Home prices in Northwest suburbs remain quite steady
In this day of nationwide realty companies with massive amounts of media presence and name recognition, the owners of one of the few remaining independent realty companies, Picket Fence Realty in Arlington Heights, say there are plenty of opportunities for niche marketers like them.
In fact earlier this year, Sue and Paul Duchek joined a co-op of top independent realtors from across the country who are pooling their efforts to make sure they get a share of the lucrative relocation market. Number One Experts, as the co-op is called, has a heavy Internet presence and membership is based on individual sales volume.
Picket Fence, with offices in both Arlington Heights and Mount Prospect, is one of the top players in the Northwest suburban market. They have been in business for 11 years.
How is the real estate market in your part of the Chicago area faring?
"In Arlington Heights alone the number of total unit sales has fallen 33 percent from 2007 to 2008," said Paul Duchek. "In 2007 a total of 957 homes were sold in Arlington Heights. By early December that number was only 648 homes in 2008."
And the average number of days a listed home sat on the market increased from 132 days in 2007 to 173 days in 2008, he added.
"But the good news is that prices have not fallen even 1 percent in this area," he said. "Maybe people here are just too stubborn, but the average price only fell from $348,000 in 2007 to $345,500 in 2008.
"Homes are taking longer to sell, but overall, prices are still strong and I think that if interest rates fall for 4.5 percent like they are saying, people will start buying again."
Much of the difference in the selling times has been caused by builders exiting the market, according to the Ducheks. They are no longer in the market for knockdown locations, except in really exceptional locations.
How does the Chicago area market differ from the national market?
"I believe that the media has been our friend in this regard, keeping it in the news that this is a very challenging market," Sue said. "So sellers understand what we are up against. The Midwest has certainly fared much better than the East and West coasts."
Do you see more movement in any specific sector - i.e. single family, condominiums, townhouses?
"Single family home sales remains our strength," Sue said. "But we have also seen good activity in the condo market as those downsizing and the young people enjoy all of the options of living in downtown Arlington Heights, close to the train.
"In the single-family market we are certainly seeing people re-evaluating what they are looking for. They are looking at their particular needs, not just what they can get that is bigger."
And for the last several years, even before the major gas price spike of last summer occurred, people have also been trying to stay close to amenities like schools, shopping and entertainment, she said.
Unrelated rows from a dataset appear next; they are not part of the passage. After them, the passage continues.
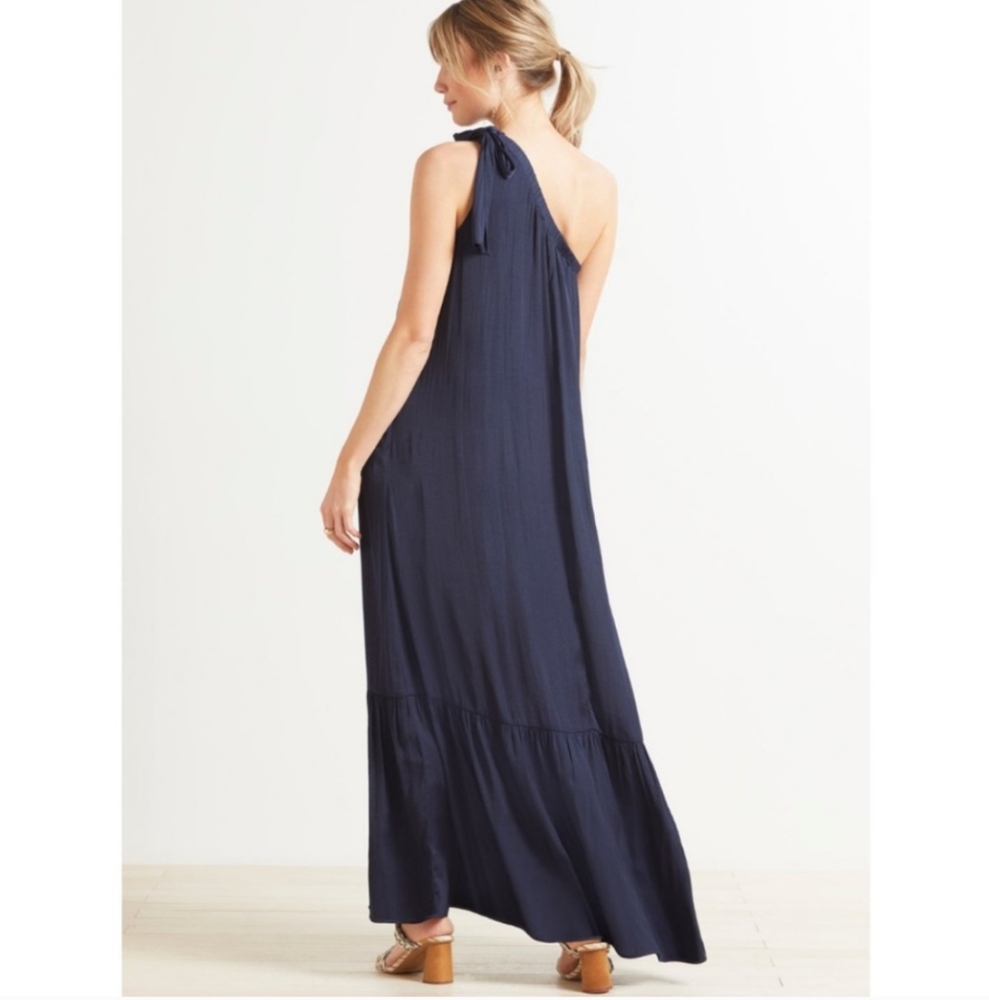 Evereve Hadley One Shoulder Maxi Dress women's small navy blue tiered satin‎ - Picture 3 of 10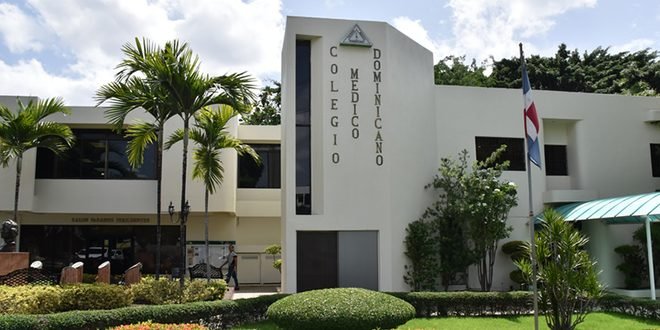 Médicos convocan a paro nacional el 13 de octubre por demandas salariales y de seguridad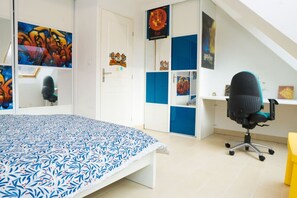 4 habitaciones, escritorio y tabla de planchar con plancha 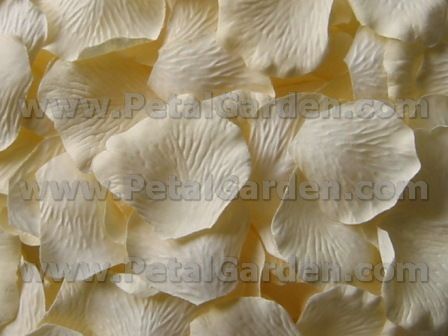 silk rose petals Fake Rose Petals, Fake Hydrangeas, Silk Rose Petals, Aisle Runner Wedding, Flower Girl Baskets, Wedding Petals, Silk Flowers Wedding, Silk Rose, Yellow Silk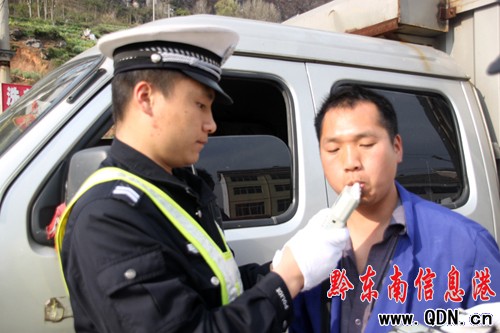 多警種協作宣傳整治兩結合凈化清明路面秩序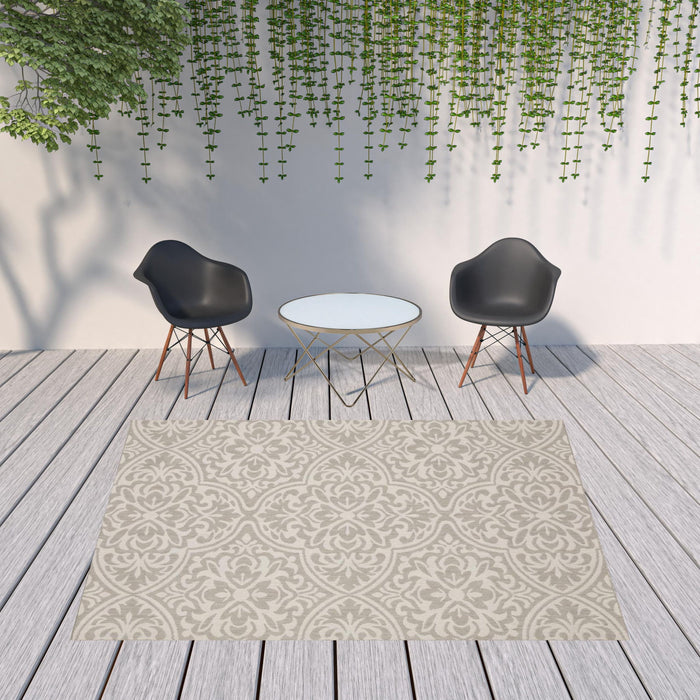 8' X 10' Floral Stain Resistant Indoor / Outdoor Area Rug - Gray / Ivory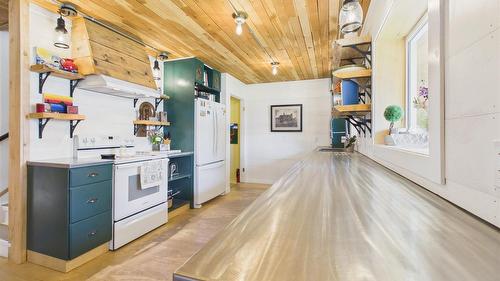 912 8Th Street, Cranbrook, BC - Indoor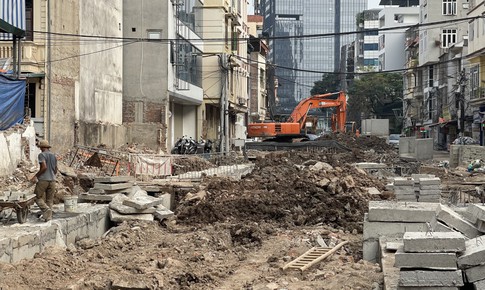 Hiện trạng thi công mở rộng ngõ 381 Nguyễn Khang, Hà Nội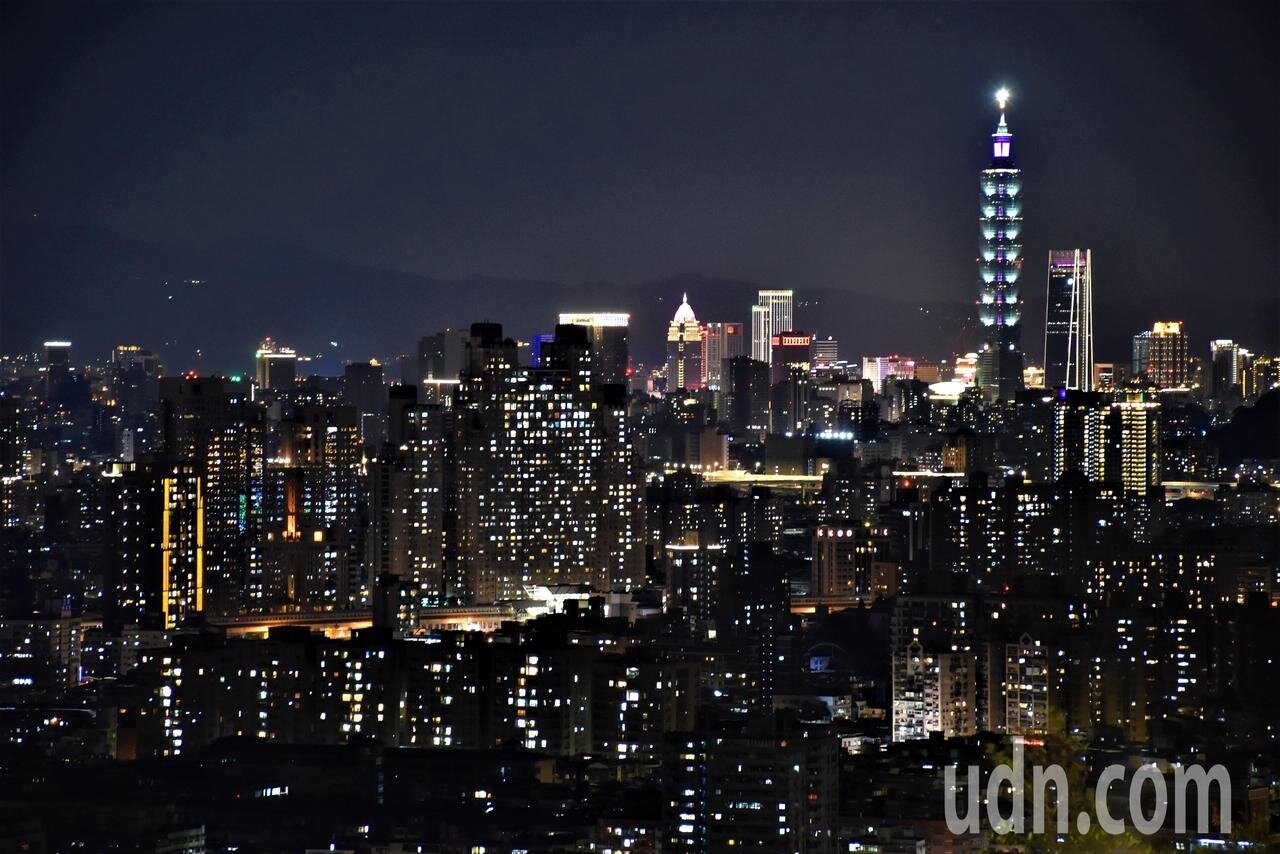 從烘爐地往下看,可到大台北盆地夜晚的美景,如果沒有霧霾還可看見台北101。記者江婉儀/攝影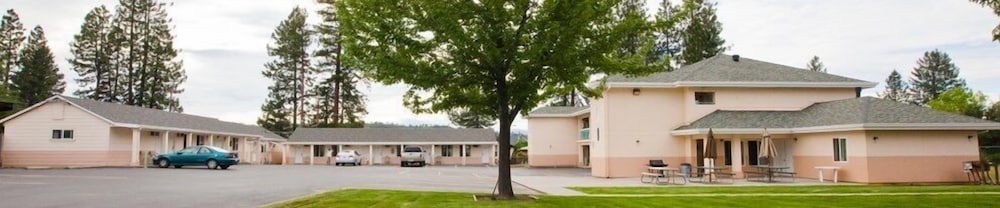 Shasta Pines Motel & Suites - photo 48
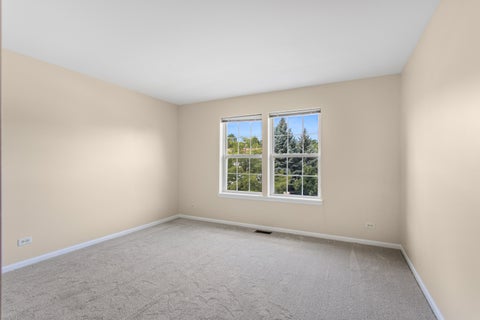 Tiny photo for 135 Tanglewood Drive, Glen Ellyn, IL 60137 (MLS # 12748877)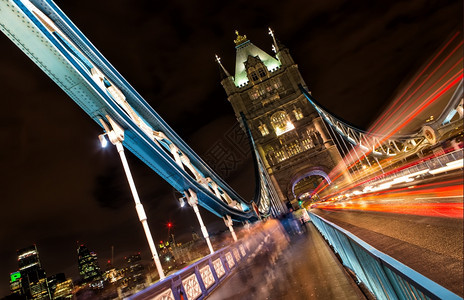 暂停城市的基本款建于18694年的塔桥是伦敦穿越泰晤士河的一座混合基库和悬浮桥图片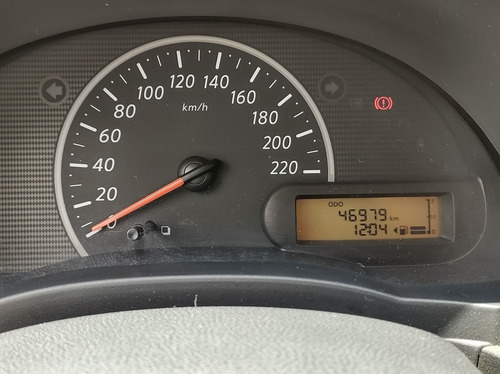 Imagen 10 de 14 de Nissan March 1.6 Active Aire Ac Mt 2016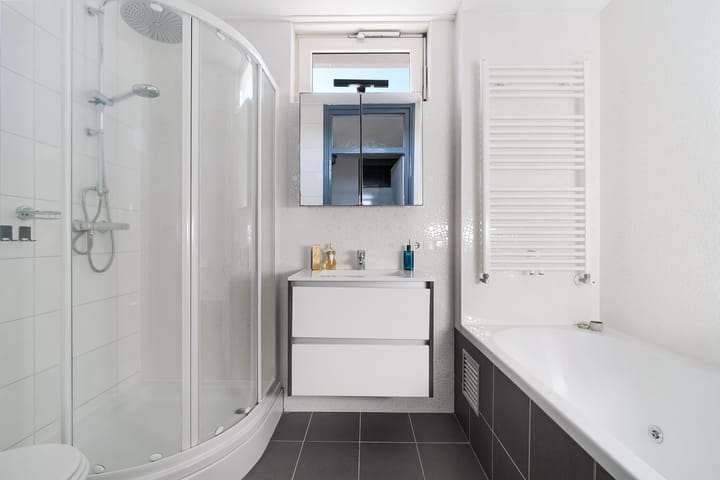 Foto 4 van Oostzeestraat 10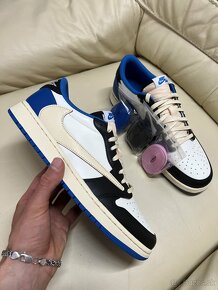 Nike x Travis Scott x Fragment Air Jordan 1 Low OG SP - 5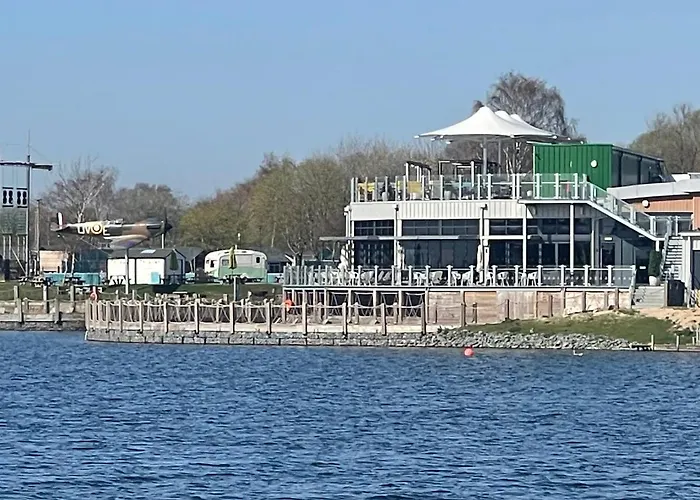 Holiday Home Breaks At Tattershall Lakes Coningsby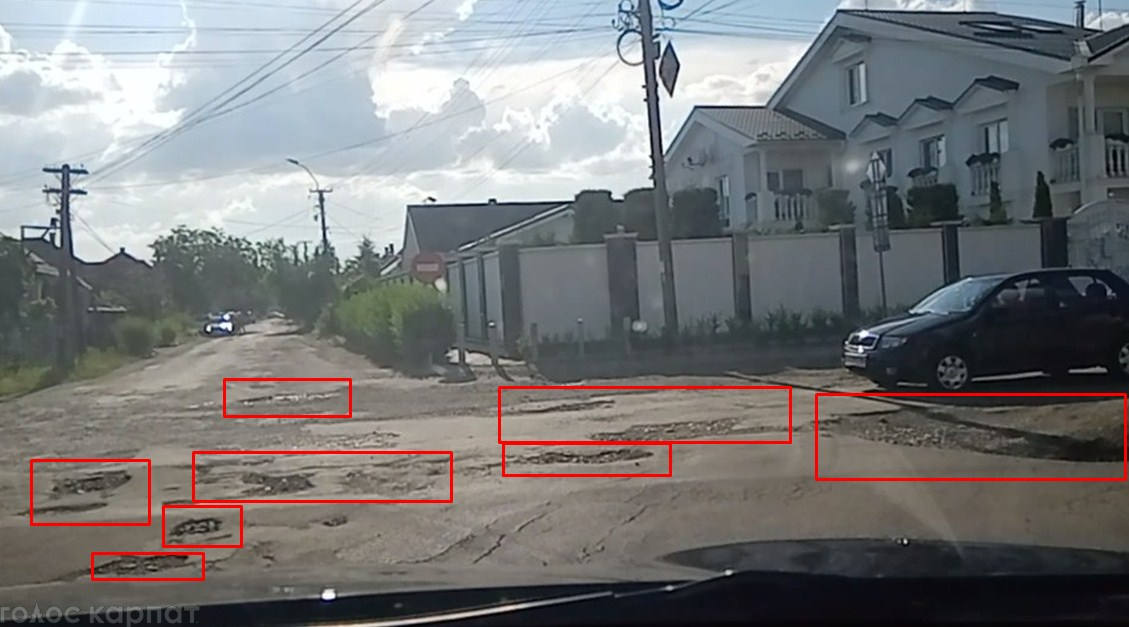У Виноградові ремонт дороги зробили тільки після того, як чиновників "ткнули" носом у проблему (ВІДЕО)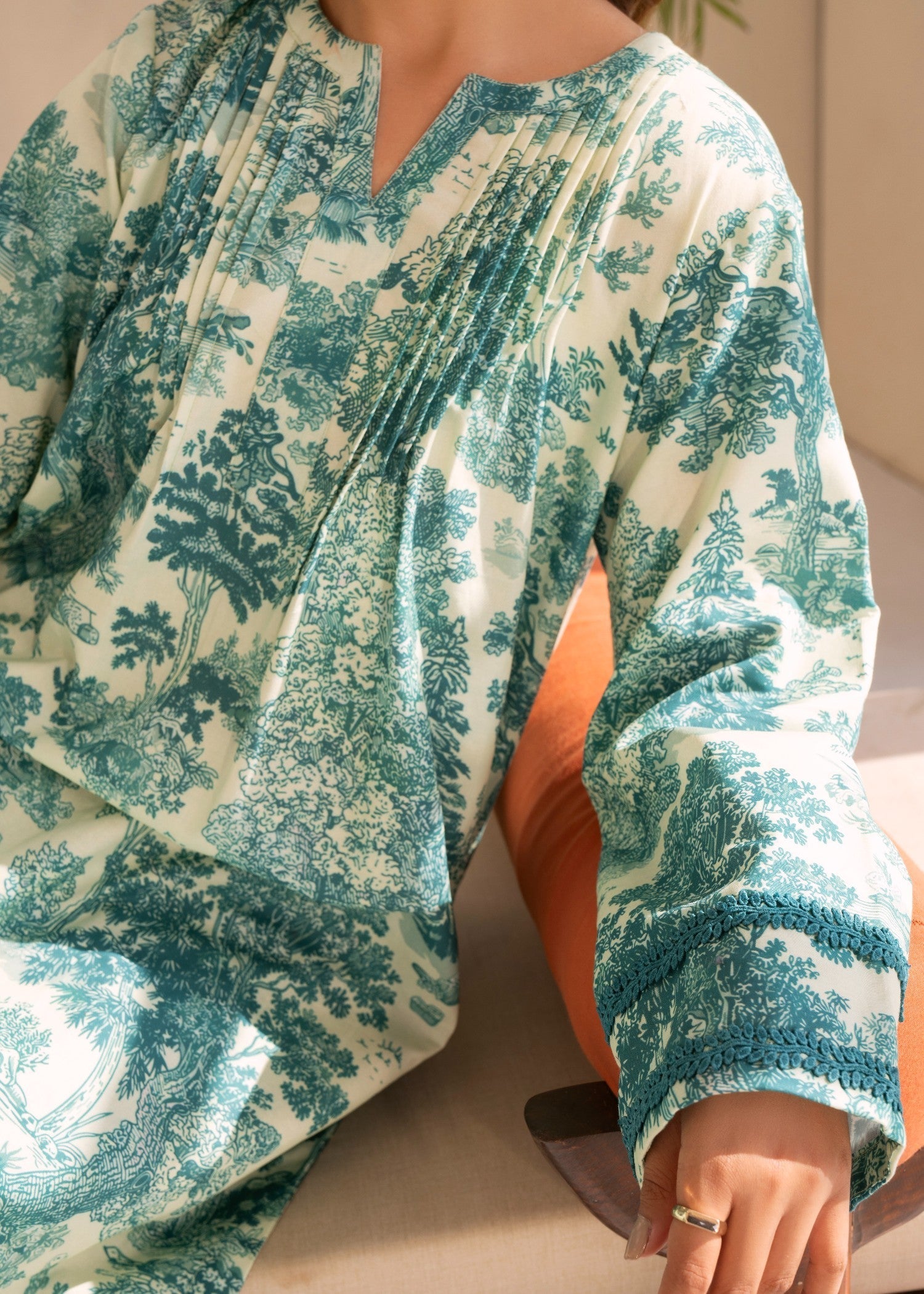 Noosh Daisy Drape Women 2pcs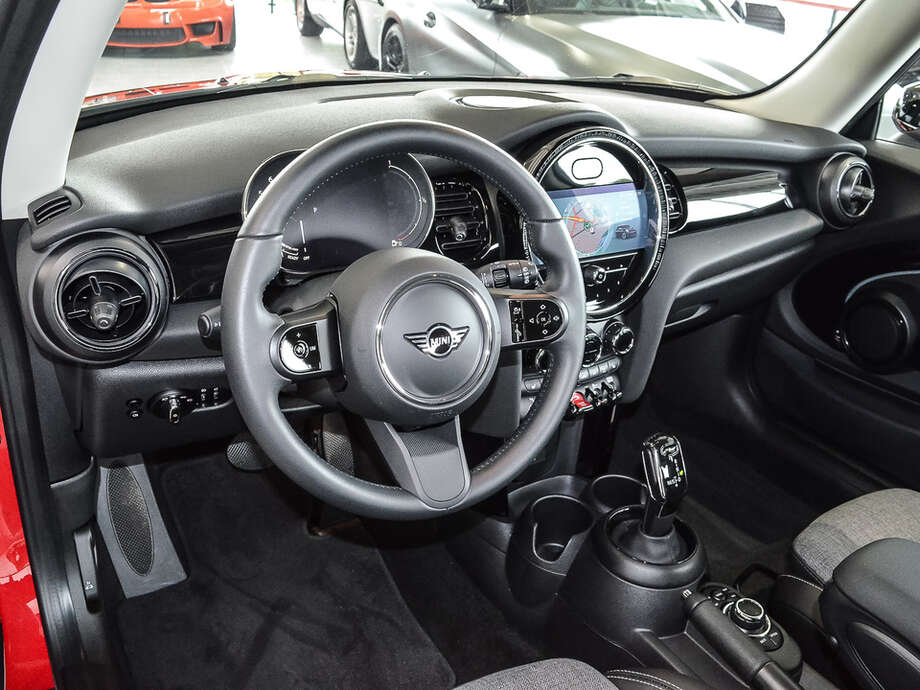 MINI Cooper (Bild 8/16)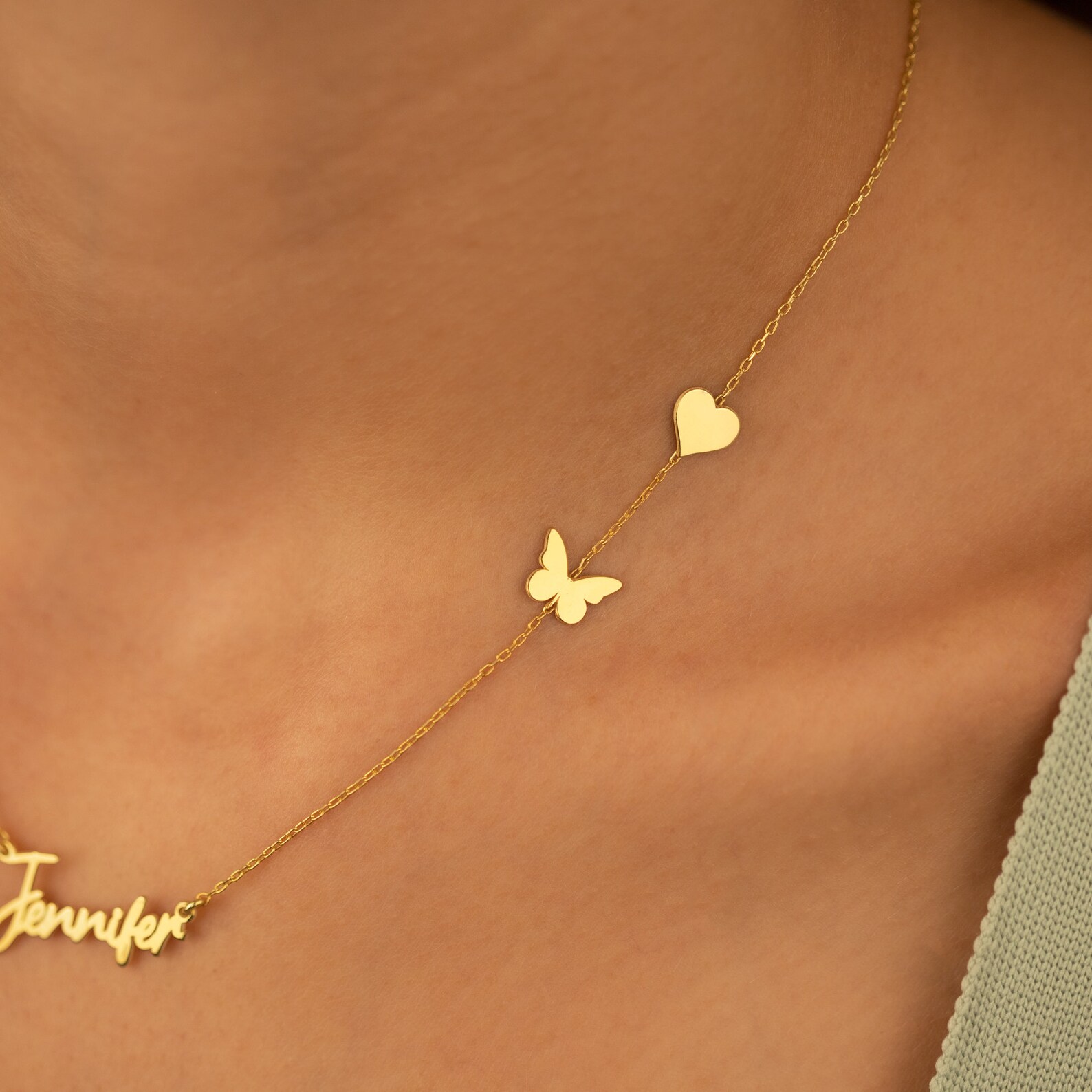 女性のためのパーソナライズされた蝶の形をしたネックレス,ステ - Birth Flower Necklace のレビューと価格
What differences do you see between the city and suburban markets?
"Chicago will take longer to rebound than the suburbs because there is such a big inventory of condos there," said Paul. "Arlington Heights and nearby suburbs, on the other hand, are totally built out, so inventory is not much of a problem."
Are first-time buyers who have no home to sell taking advantage of the low prices?
"Those buyers are very educated and they are watching and waiting for the perceived bottom of the market," Sue said.
"Since there has been talk of 4.5-percent interest rates, they are waiting for that to happen," Paul added.
"And then there is the lending issue. Banks have not been releasing money. If that changes in the first quarter of 2009, I think that you will see the number of first time buyers getting into the market increase," Sue said.
Have you seen your clients have trouble getting mortgages?
"Loans are available and if people qualify, they are getting them. The lenders are just scrutinizing things more and they should," said Sue.
"We have lost a couple of deals, however, because the people couldn't get a loan," Paul continued. "And it is taking much longer for banks to issue pre-approval letters. In addition, people are finding out when they get the letters that they cannot afford as much house as they originally thought, so they have to start the search process all over again."
The Ducheks strongly urge anyone interested in purchasing a house to get their pre-approval letter before they even start shopping since such a letter is now expected before a purchase contract is even written.
What steps need to be taken to help strengthen the Chicago area real estate market?
"Historically, when the economy loosens up, real estate is the first to rebound," Sue said.
"But before that can happen, banks need to loosen up on the money," Paul added. Requiring a credit score of 700 to buy a house is pushing it a bit. Of course, we don't want to go back to the haphazard lending that was taking place a few years ago, but they have to have some flexibility.
"The pendulum has swung to the other extreme and now we have to get back to the middle," Sue said.
"And prospective buyers need to educate themselves about what all of this means to them personally. They may get less for the home they are selling, but there are also better buying opportunities out there for them. They need to take a step back and look at the full picture so they can make the best decision for them," Sue said.